--- Problem to work on ---
Output the whole listing exactly, with no pictures.

--- Supplied data ---

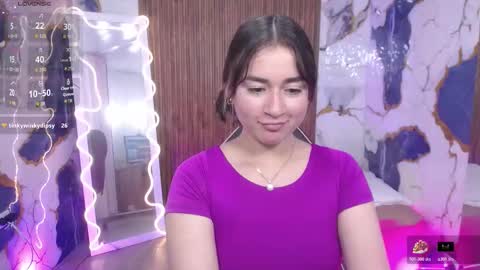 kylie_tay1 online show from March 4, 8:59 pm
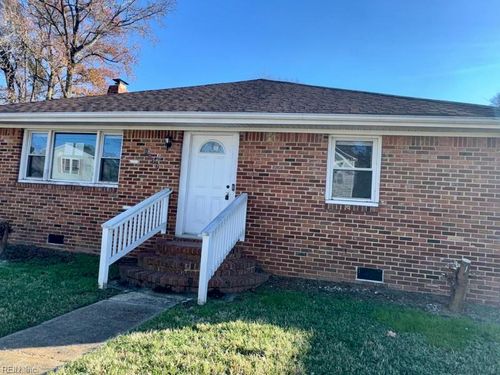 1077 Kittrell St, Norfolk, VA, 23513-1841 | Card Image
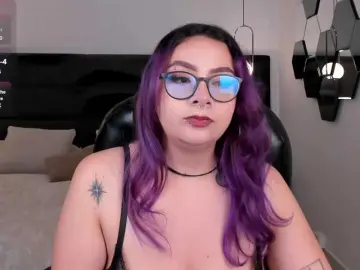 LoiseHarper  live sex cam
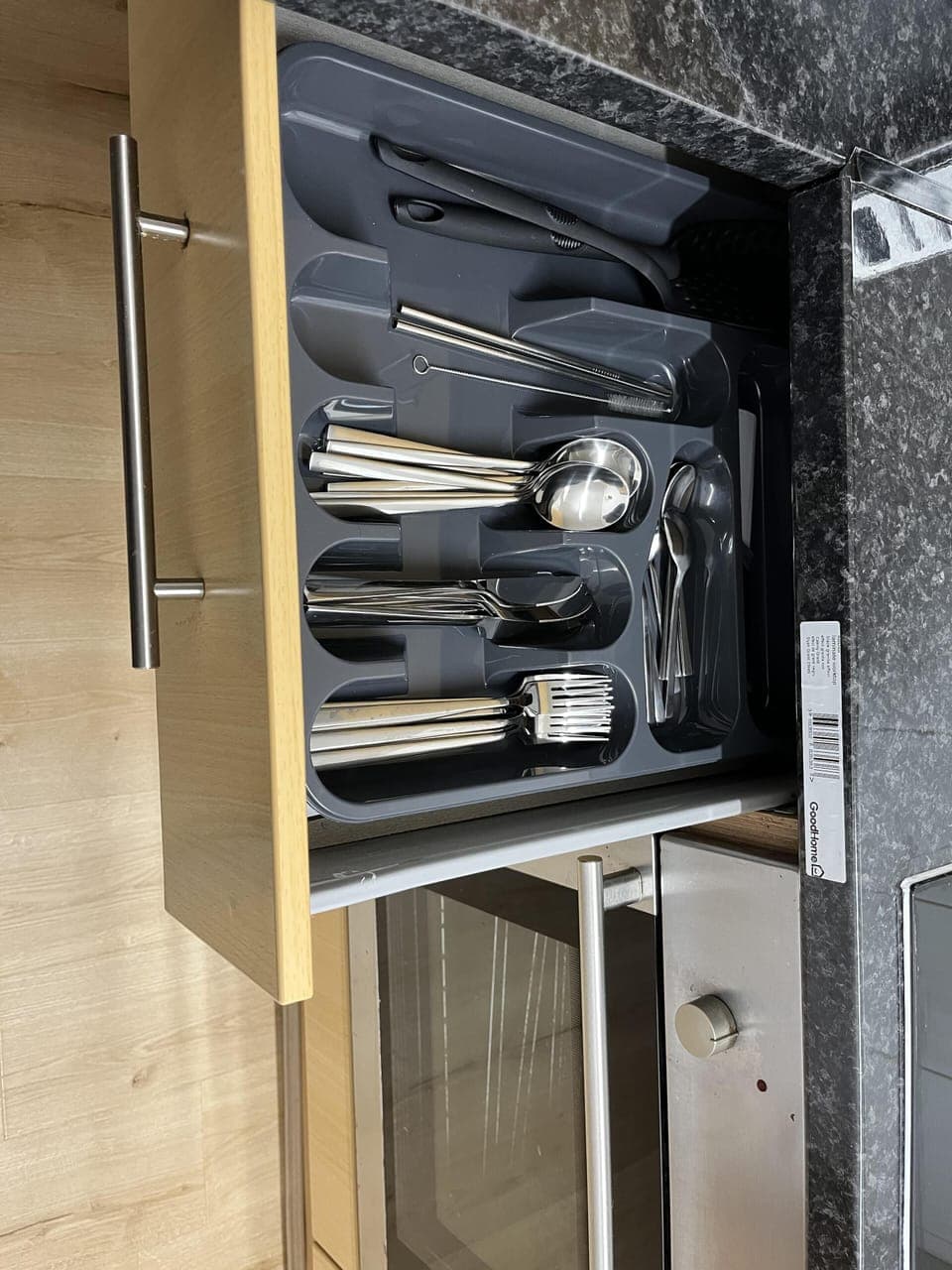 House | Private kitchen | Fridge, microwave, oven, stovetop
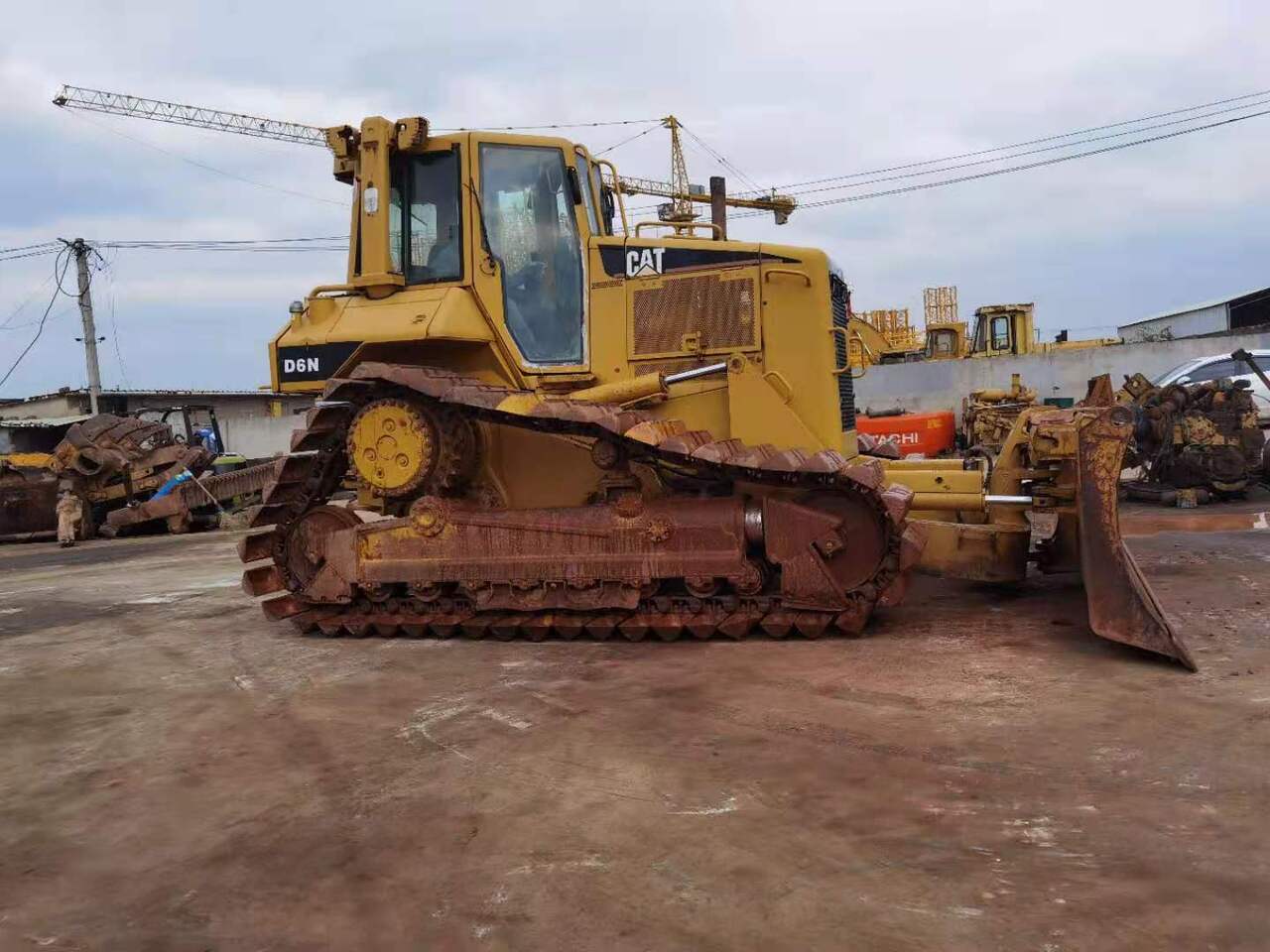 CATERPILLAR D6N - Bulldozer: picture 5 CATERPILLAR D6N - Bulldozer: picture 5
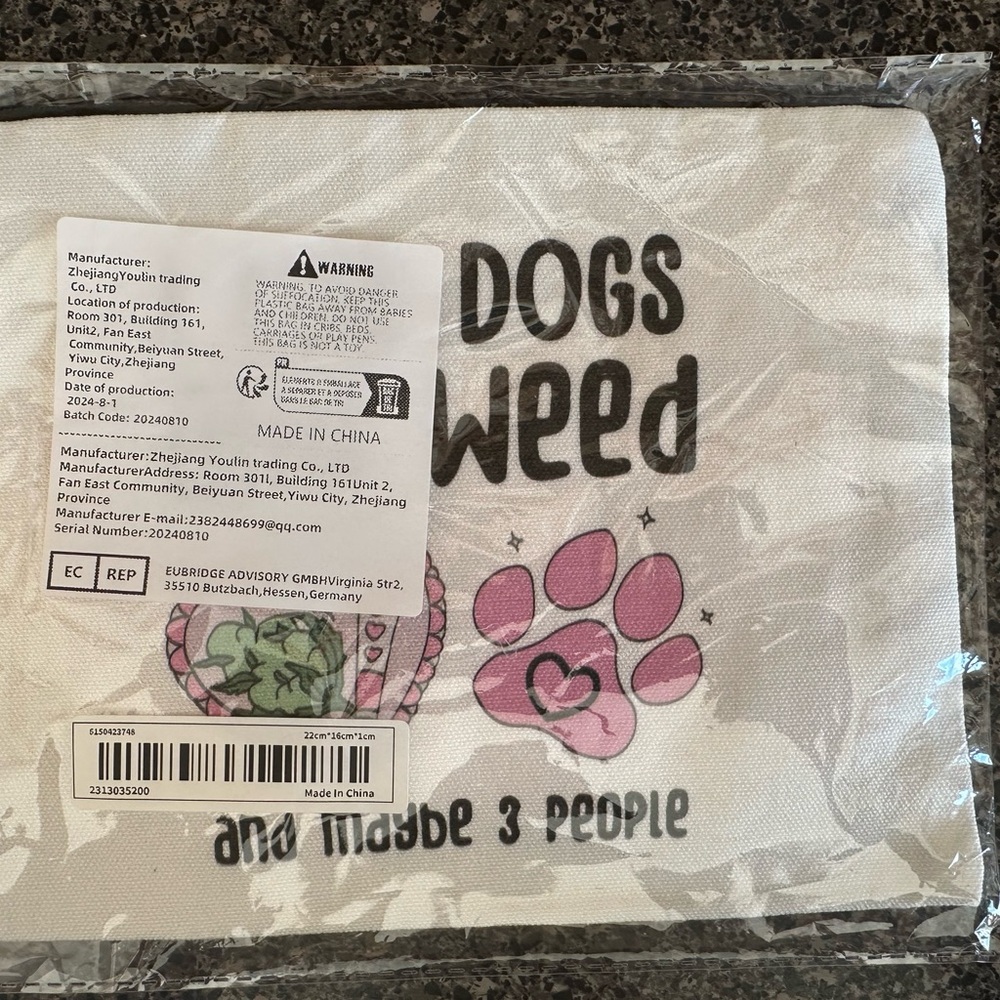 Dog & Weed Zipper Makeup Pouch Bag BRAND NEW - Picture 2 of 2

--- Problem solution ---
 kylie_tay1 online show from March 4, 8:59 pm
 1077 Kittrell St, Norfolk, VA, 23513-1841 | Card Image
 LoiseHarper  live sex cam
 House | Private kitchen | Fridge, microwave, oven, stovetop
 CATERPILLAR D6N - Bulldozer: picture 5 CATERPILLAR D6N - Bulldozer: picture 5
 Dog & Weed Zipper Makeup Pouch Bag BRAND NEW - Picture 2 of 2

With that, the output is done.